MATERIAL SUPPLIED:
━━━━━━━━━━━━━━━━━━━━
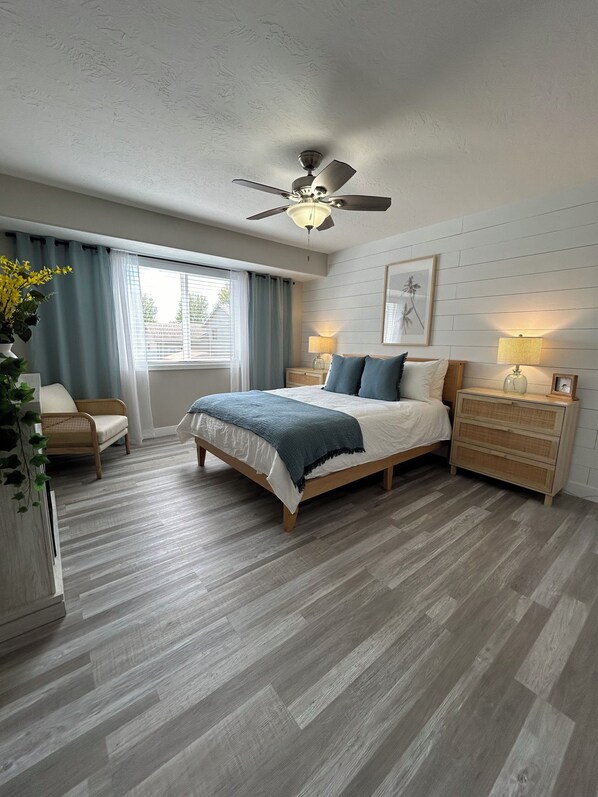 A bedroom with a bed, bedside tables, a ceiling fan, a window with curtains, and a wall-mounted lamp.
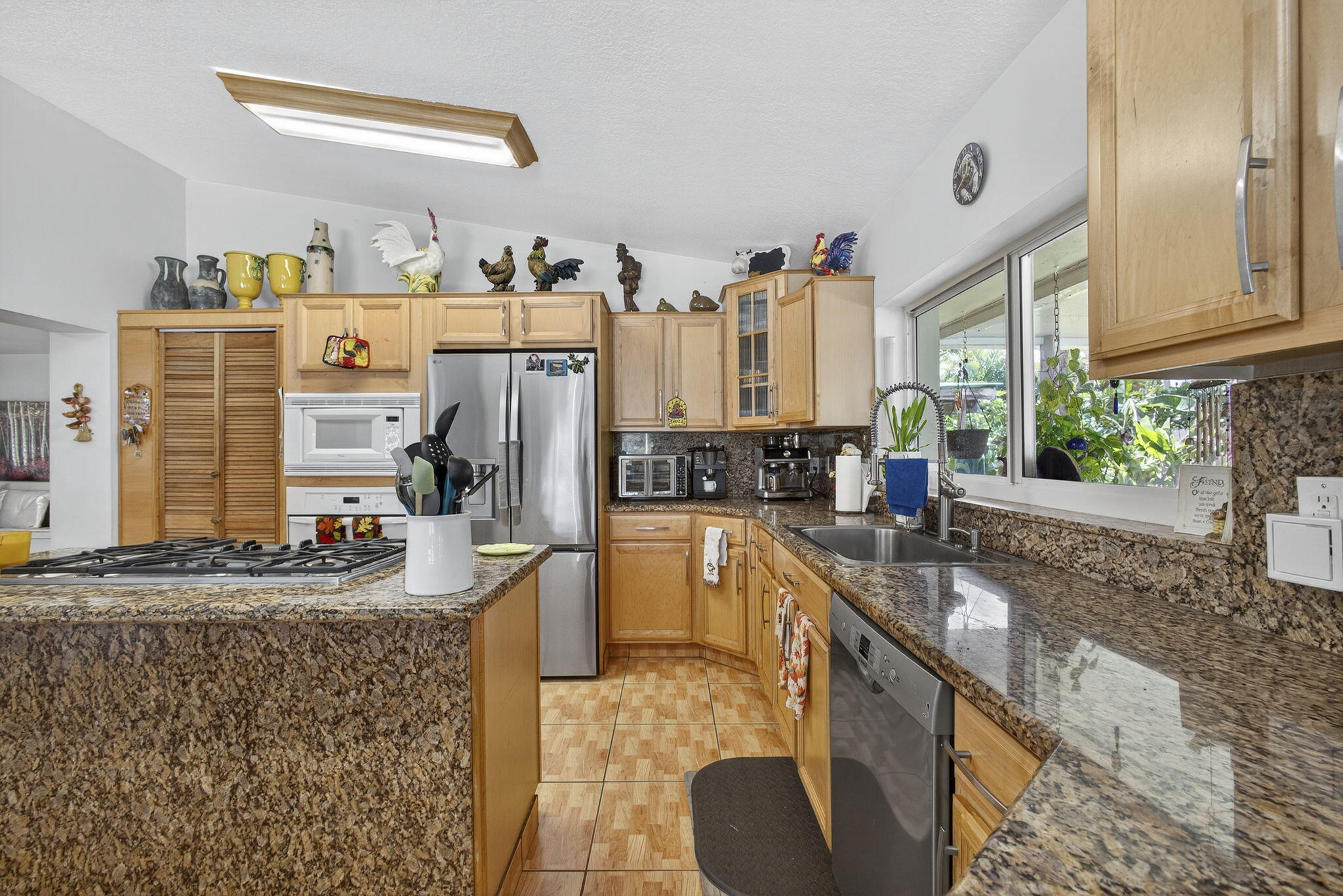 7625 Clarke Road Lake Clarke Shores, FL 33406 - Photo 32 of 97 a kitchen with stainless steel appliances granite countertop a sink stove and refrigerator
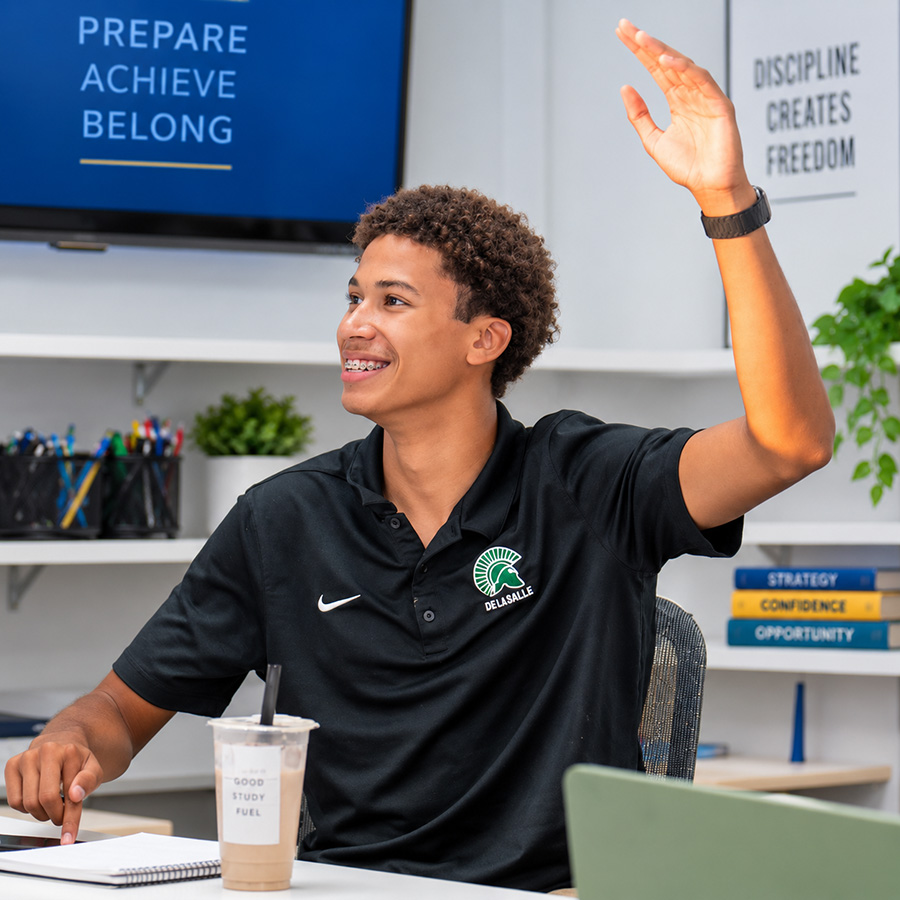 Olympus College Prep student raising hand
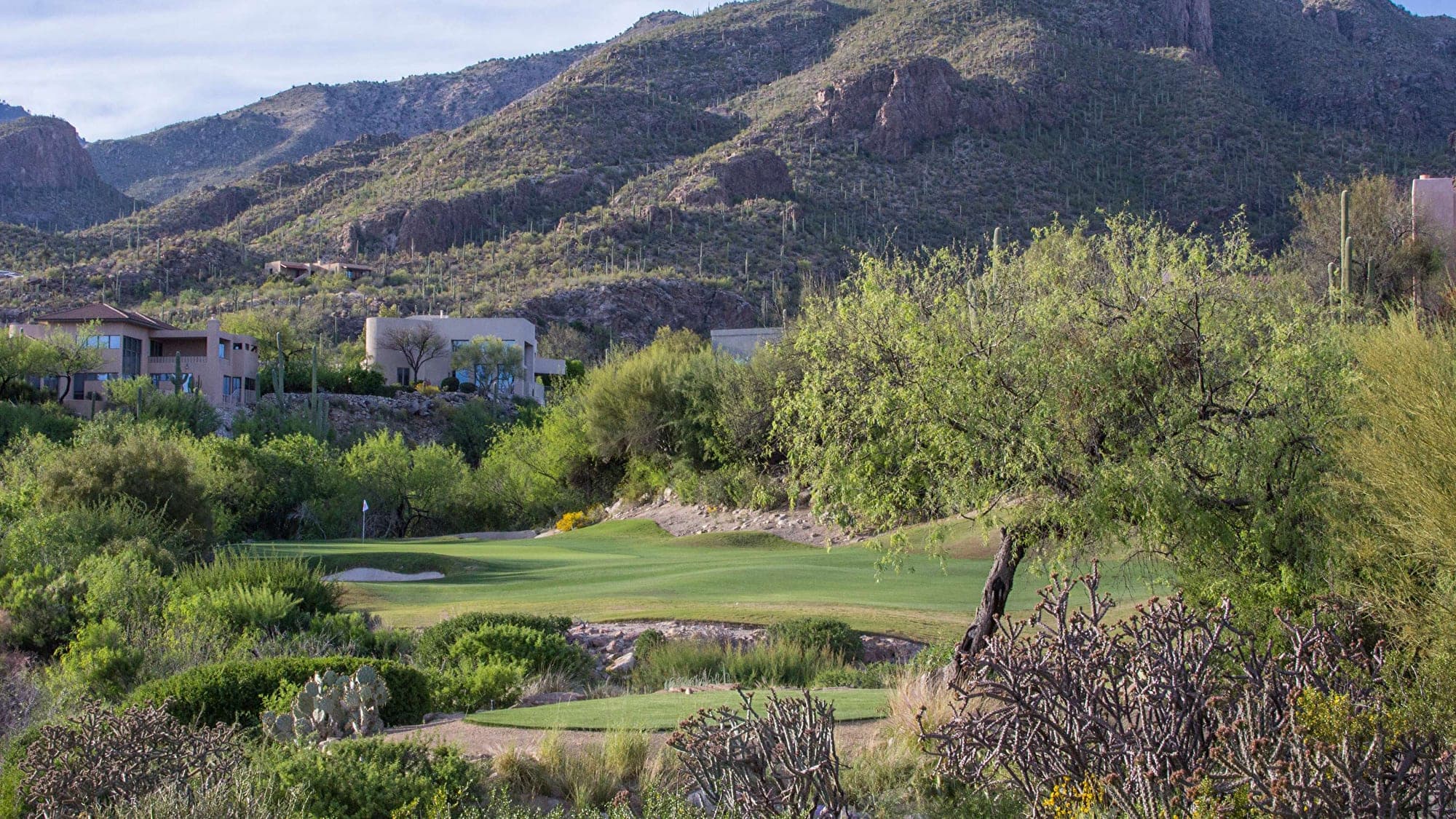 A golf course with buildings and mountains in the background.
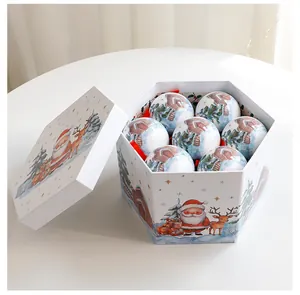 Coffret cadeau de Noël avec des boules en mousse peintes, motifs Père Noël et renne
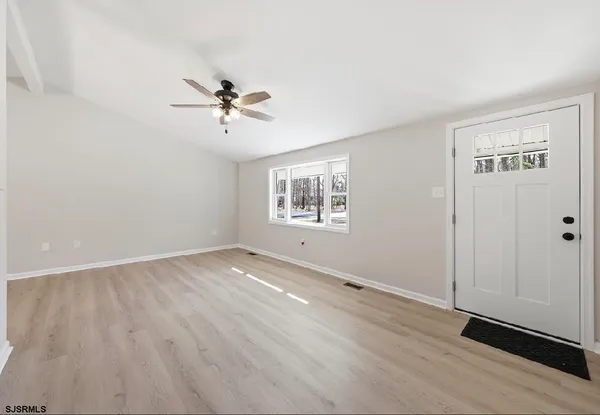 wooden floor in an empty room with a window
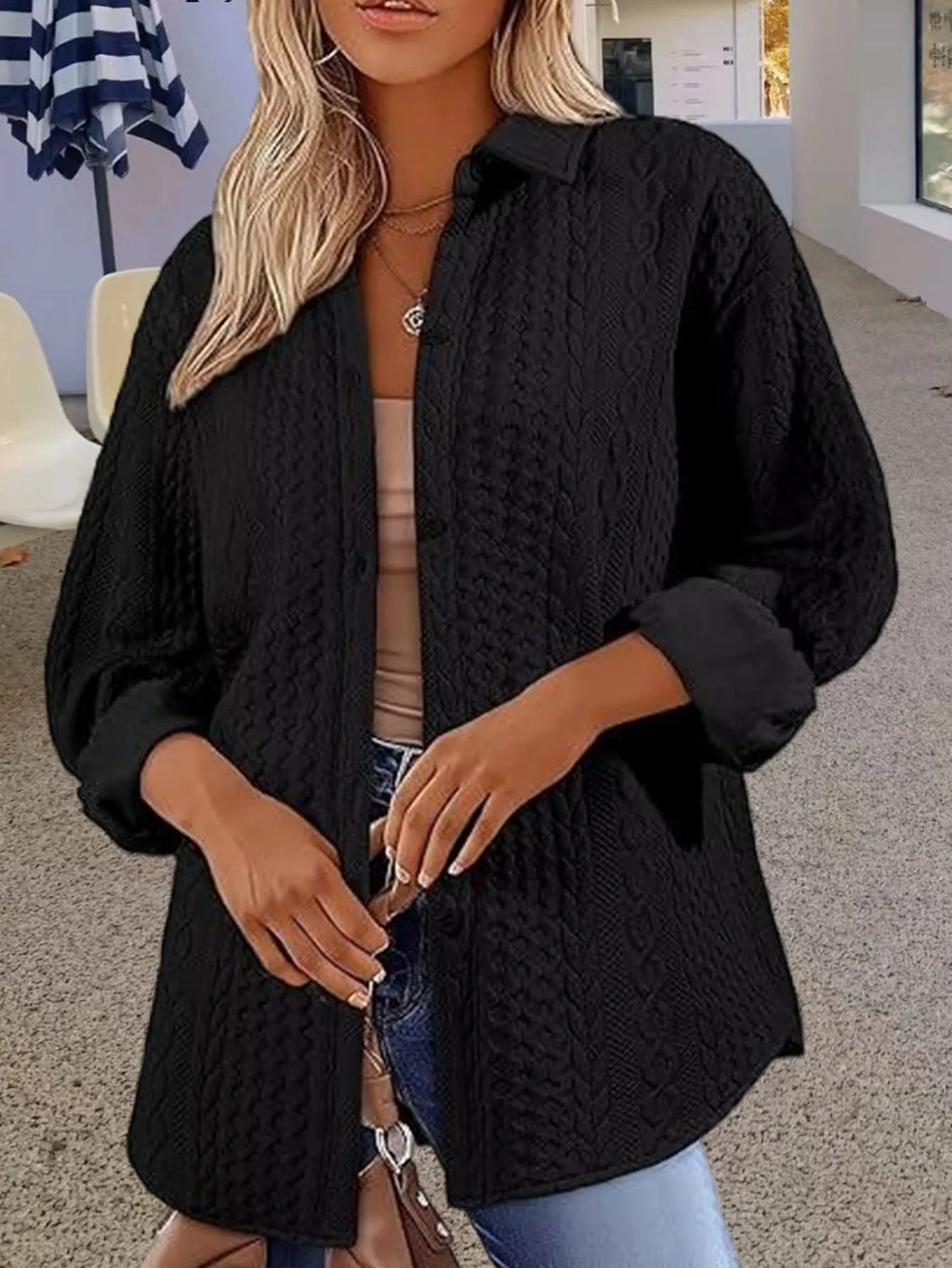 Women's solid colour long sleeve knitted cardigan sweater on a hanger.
━━━━━━━━━━━━━━━━━━━━
WHAT YOU SHOULD DO: Please transcribe exactly the lines from the one containing "wooden floor in an empty room with a window" through the final line of the data, including both, and nothing else. Pictures are to be left out.

EXPECTED ANSWER:
 wooden floor in an empty room with a window
 Women's solid colour long sleeve knitted cardigan sweater on a hanger.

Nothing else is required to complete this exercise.